--- SUPPLIED MATERIAL Enclosed Below ---

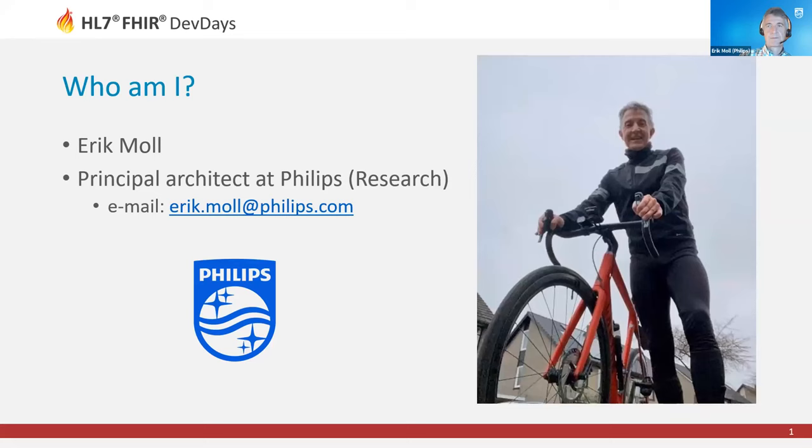Please welcome Eric Maul with a presentation on a FHIR compatible model for personal healthcare devices. Eric, take it away.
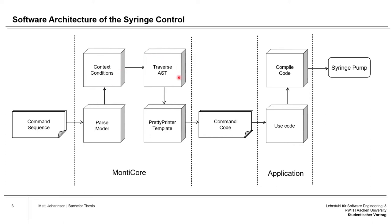Afterwards, the abstract syntax tree is traversed and a pretty printer template is used to create code from it. This command code is then sent over to the application which uses the code, compiles it, and sends the signal to monitor over to the syringe pump.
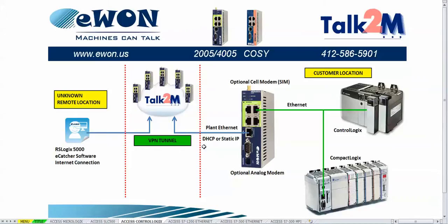The routing is done in the Talk2M account therefore the network or the IP network that you reside on cannot be on the same IP network as your Logix PLC.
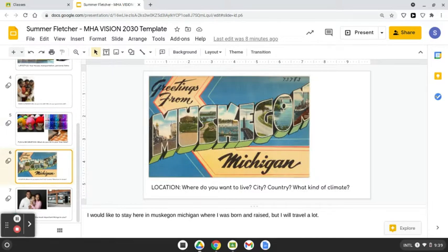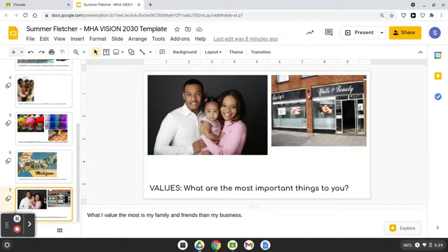I'd like to stay here in Muskegon, Michigan where I was born and raised, but I would travel a lot. I've made most of my family and friends in my business.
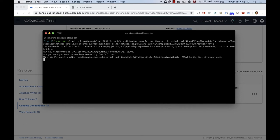Nothing happens at first — you get the screen with no action. What you have to do is press Enter or any keystroke on your keyboard, and then you get access to the login prompt. Everyone asks: I want to log in — I type the user, OPC is usually the default user, and then I don't have a password. So you don't have a password to type here and get access to the instance.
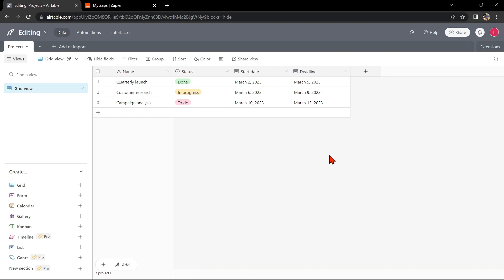Hello guys, welcome back to our channel. In this video I'll be showing you how to integrate Airtable with Google Docs. This integration can help you keep your data organized and easily accessible in one place. So let's start.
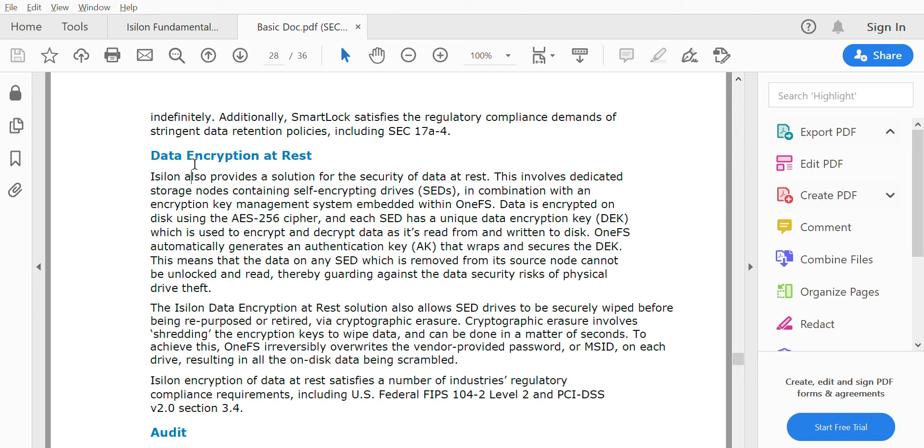Data Encryption at Rest satisfies industry standards and regulatory compliance requirements, including US Federal FIPS 140-2 Level 2 and PCI DSS version 3.2 section 3.4.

--- End of Enclosed SUPPLIED MATERIAL ---

> [TASK TO COMPLETE]:
Reproduce the entire listing exactly, except for any pictures it contains.

> [TASK ANSWER]:
Please welcome Eric Maul with a presentation on a FHIR compatible model for personal healthcare devices. Eric, take it away.
Afterwards, the abstract syntax tree is traversed and a pretty printer template is used to create code from it. This command code is then sent over to the application which uses the code, compiles it, and sends the signal to monitor over to the syringe pump.
The routing is done in the Talk2M account therefore the network or the IP network that you reside on cannot be on the same IP network as your Logix PLC.
I'd like to stay here in Muskegon, Michigan where I was born and raised, but I would travel a lot. I've made most of my family and friends in my business.
Nothing happens at first — you get the screen with no action. What you have to do is press Enter or any keystroke on your keyboard, and then you get access to the login prompt. Everyone asks: I want to log in — I type the user, OPC is usually the default user, and then I don't have a password. So you don't have a password to type here and get access to the instance.
Hello guys, welcome back to our channel. In this video I'll be showing you how to integrate Airtable with Google Docs. This integration can help you keep your data organized and easily accessible in one place. So let's start.
Data Encryption at Rest satisfies industry standards and regulatory compliance requirements, including US Federal FIPS 140-2 Level 2 and PCI DSS version 3.2 section 3.4.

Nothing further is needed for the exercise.